Circa mezzo segmento rostrale al neurone cappuccio selezionato fa avanzare l'elettrodo utilizzando un manipolatore assiale mentre applica una pressione positiva delicata e continua di circa 60 millimetri di mercurio. Quando l'elettrodo sfonda la dura, il neurone del cappuccio può essere spostato dalla perfusione dall'elettrodo che richiede un riaggiustamento del fuoco. Quando l'elettrodo tocca il neurone del cappuccio, SOMA, viene rilasciata una pressione positiva che di solito provoca l'immediata formazione di un giga seal.
Tuttavia, in alcuni casi in cui non si forma una guarnizione, diventa necessario applicare una leggera pressione negativa. Dopo la formazione della tenuta, il potenziale dell'elettrodo viene regolato a meno 80 millivolt e l'applicazione di una pressione negativa rompe la membrana cellulare. Il neurone cap è caratterizzato da una resistenza di ingresso da 140 a 180 mega ohm e un potenziale d'azione che supera i 40 millivolt.
Questo viene testato iniettando passi di depolarizzazione crescenti in modo incrementale sotto la pinza amperometrica fino a quando non viene suscitato il potenziale d'azione. Successivamente, il microscopio viene trasferito al muscolo ventrale utilizzando il traslatore motorizzato XY. Ad alta potenza, una cellula muscolare veloce viene scelta dal campo bersaglio.

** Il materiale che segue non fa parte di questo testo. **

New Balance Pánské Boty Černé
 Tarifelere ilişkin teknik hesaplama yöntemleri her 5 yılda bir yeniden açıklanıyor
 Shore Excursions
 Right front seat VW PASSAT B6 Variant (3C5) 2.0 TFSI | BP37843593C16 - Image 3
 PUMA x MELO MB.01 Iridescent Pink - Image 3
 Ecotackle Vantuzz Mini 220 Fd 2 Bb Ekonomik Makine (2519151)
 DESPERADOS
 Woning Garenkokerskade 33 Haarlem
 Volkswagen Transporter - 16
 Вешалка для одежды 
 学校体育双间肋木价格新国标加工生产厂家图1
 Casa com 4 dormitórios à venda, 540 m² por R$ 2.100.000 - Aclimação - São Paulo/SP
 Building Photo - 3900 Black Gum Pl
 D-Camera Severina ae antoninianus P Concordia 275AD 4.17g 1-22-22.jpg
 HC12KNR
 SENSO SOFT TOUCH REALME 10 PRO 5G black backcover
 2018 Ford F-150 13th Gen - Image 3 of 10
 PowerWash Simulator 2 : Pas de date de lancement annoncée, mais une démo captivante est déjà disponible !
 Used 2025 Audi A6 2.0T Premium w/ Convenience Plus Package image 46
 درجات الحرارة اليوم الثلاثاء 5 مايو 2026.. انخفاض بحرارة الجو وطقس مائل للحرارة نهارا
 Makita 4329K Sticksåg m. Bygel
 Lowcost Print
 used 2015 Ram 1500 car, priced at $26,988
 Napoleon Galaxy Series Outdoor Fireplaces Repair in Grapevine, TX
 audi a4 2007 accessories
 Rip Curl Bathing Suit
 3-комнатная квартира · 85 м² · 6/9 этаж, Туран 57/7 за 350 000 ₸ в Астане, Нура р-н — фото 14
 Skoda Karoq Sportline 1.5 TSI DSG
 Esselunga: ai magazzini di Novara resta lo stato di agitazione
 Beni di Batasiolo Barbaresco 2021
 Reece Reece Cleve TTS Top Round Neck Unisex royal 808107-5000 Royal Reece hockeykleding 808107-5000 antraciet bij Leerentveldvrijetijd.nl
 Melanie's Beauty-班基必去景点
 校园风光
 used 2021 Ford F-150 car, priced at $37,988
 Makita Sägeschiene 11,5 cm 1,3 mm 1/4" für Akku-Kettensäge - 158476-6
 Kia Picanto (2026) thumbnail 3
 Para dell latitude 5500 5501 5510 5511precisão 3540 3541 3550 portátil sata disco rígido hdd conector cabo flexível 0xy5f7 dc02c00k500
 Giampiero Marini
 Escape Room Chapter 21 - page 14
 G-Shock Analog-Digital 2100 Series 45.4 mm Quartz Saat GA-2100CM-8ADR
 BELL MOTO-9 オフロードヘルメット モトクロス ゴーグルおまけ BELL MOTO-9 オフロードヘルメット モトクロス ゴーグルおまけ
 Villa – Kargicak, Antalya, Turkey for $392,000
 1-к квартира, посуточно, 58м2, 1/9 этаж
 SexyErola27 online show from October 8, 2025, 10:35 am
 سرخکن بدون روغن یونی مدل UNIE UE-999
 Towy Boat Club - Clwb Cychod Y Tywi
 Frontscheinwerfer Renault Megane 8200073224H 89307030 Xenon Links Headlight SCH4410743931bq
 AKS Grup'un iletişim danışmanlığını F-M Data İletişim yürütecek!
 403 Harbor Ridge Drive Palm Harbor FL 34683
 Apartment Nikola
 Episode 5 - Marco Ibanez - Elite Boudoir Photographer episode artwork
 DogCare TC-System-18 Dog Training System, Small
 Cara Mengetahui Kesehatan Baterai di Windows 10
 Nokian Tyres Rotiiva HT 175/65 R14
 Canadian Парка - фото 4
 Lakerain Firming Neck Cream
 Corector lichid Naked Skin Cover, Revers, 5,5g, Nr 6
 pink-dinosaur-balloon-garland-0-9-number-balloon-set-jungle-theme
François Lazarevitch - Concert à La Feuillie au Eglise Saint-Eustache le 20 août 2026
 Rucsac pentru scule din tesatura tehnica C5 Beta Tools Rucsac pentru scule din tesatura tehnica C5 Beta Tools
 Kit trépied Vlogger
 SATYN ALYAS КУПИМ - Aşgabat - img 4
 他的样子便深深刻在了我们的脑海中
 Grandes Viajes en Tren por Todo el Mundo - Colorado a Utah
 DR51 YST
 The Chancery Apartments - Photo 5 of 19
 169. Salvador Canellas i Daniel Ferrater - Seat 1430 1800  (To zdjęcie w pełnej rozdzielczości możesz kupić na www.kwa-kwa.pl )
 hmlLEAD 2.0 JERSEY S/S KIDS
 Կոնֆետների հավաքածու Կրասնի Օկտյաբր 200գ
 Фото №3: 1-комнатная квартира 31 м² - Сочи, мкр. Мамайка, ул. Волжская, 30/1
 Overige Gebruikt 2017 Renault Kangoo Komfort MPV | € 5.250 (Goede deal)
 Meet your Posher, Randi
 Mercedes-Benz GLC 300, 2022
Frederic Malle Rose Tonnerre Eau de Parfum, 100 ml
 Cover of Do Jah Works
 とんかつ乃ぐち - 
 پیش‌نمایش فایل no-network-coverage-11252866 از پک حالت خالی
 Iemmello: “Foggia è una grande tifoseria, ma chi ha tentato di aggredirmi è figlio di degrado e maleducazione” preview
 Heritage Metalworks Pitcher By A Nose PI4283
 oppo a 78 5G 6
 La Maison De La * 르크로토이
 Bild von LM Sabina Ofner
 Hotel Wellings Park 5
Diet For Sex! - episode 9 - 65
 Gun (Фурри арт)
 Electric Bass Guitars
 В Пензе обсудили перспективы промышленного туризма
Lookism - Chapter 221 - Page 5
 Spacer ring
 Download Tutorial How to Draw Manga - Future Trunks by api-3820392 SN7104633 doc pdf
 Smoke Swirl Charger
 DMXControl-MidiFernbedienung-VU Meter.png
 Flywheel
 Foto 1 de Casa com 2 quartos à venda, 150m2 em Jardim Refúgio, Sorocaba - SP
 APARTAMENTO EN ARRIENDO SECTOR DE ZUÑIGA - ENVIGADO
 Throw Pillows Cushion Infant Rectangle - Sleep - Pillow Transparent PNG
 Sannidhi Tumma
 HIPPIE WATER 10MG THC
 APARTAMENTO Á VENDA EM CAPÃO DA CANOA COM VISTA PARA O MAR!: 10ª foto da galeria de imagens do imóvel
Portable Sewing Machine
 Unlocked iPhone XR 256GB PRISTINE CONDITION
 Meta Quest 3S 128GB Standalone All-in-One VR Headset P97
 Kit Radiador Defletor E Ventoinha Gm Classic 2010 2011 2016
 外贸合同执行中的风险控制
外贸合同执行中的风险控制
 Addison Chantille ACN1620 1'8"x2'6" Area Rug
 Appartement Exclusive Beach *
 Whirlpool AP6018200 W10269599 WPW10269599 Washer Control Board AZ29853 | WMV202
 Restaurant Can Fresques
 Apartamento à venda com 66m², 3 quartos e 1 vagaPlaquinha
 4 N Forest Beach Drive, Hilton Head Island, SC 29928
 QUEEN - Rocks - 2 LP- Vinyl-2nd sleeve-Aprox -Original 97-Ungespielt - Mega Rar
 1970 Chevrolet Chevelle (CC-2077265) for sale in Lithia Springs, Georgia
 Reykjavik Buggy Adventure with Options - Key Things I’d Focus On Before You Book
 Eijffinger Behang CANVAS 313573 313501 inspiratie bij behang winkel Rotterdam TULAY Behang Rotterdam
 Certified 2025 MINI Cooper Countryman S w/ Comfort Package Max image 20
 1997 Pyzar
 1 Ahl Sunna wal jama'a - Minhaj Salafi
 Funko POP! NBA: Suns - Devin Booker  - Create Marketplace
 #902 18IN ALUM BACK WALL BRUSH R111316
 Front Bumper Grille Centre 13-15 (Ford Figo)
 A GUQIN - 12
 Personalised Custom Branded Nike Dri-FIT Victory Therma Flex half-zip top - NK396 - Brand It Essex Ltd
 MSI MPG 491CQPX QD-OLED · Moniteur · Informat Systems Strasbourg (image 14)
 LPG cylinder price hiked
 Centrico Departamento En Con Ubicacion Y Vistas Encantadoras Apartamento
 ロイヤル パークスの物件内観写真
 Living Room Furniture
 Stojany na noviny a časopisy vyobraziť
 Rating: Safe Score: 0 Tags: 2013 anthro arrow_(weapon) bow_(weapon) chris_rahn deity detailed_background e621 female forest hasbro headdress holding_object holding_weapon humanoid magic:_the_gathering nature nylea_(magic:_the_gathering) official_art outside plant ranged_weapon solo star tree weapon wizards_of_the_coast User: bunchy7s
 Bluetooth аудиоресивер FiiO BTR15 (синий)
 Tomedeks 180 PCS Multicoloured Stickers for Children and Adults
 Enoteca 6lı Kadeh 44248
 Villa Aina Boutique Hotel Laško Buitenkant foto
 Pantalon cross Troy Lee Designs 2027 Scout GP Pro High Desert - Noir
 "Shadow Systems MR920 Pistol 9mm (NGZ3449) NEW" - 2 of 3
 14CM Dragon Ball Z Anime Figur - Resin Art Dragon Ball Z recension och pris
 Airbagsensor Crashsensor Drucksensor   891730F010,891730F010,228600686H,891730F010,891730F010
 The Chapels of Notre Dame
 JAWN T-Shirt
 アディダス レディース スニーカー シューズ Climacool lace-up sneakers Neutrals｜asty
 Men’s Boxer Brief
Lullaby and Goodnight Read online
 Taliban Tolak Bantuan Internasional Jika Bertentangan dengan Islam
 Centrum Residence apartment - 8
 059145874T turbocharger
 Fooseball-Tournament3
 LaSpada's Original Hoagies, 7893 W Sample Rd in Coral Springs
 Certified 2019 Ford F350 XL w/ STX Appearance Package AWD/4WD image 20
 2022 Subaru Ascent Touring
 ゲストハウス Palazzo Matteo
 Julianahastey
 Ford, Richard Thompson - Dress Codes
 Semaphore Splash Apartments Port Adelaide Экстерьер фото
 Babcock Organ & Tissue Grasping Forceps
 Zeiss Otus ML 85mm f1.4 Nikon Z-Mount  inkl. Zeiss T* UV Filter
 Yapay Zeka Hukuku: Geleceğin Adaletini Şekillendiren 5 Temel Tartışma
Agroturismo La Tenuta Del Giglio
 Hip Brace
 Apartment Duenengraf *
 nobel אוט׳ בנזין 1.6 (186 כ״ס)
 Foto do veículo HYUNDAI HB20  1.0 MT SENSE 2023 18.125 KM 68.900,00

L'elettrodo muscolare viene fatto avanzare verso la cellula muscolare bersaglio sotto pressione positiva, che quando viene rilasciata forma un giga sigillo, il potenziale dell'elettrodo viene regolato a meno 50 millivolt per inattivare i canali del sodio. E sotto un'aspirazione delicata, la membrana cellulare si rompe. Un calo della resistenza a 100-200 mega ohm e l'improvvisa comparsa dei grandi segnali transitori capacitivi entrano per testare la coppia.
La registrazione del motoneurone viene depolarizzata da iniezioni di corrente incrementalmente più grandi fino a quando non viene suscitato un potenziale d'azione. A questo punto, una corrente di placca terminale dovrebbe essere suscitata nella stimolazione continua del motoneurone muscolare a un hertz, si traduce in correnti di placca terminale senza guasti. Quando la frequenza dello stimolo viene aumentata a 100 hertz, le correnti della placca terminale fluttuano in ampiezza e vanno incontro a esaurimento funzionale entro 10 secondi dalla stimolazione.
In genere, la registrazione dei neuroni è stabile fino a un'ora, ma le cellule muscolari si deteriorano come riflesso di un aumento della resistenza in serie. Quando ciò si verifica, l'esperimento viene terminato o un'altra cellula muscolare viene bloccata con il patch. Tutte le registrazioni devono essere completate entro un'ora.
Una volta masterizzata una coppia, la registrazione può essere completata entro un'ora o mezza. E' anche possibile ottenere una o due coppie aggiuntive nei segmenti adiacenti. Una tipica giornata di registrazione produrrà due o tre coppie.
Le registrazioni accoppiate del muscolo scheletrico dei motoneuroni offrono un'opportunità unica per esplorare il funzionamento fondamentale della trasmissione neuromuscolare. Se utilizzato in combinazione con le linee di pesci mutanti Motility, può individuare la fonte della disfunzione neuromuscolare e fornire nuove informazioni sui meccanismi alla base delle malattie umane come la sindrome metastatica.
Questo video dimostra i metodi per la registrazione simultanea di patch clamp da un motoneurone spinale e il muscolo scheletrico bersaglio in zebrine larve. La procedura include l'identificazione del motoneurone e delle cellule muscolari, nonché le metodologie per la registrazione da ciascun tipo di cellula.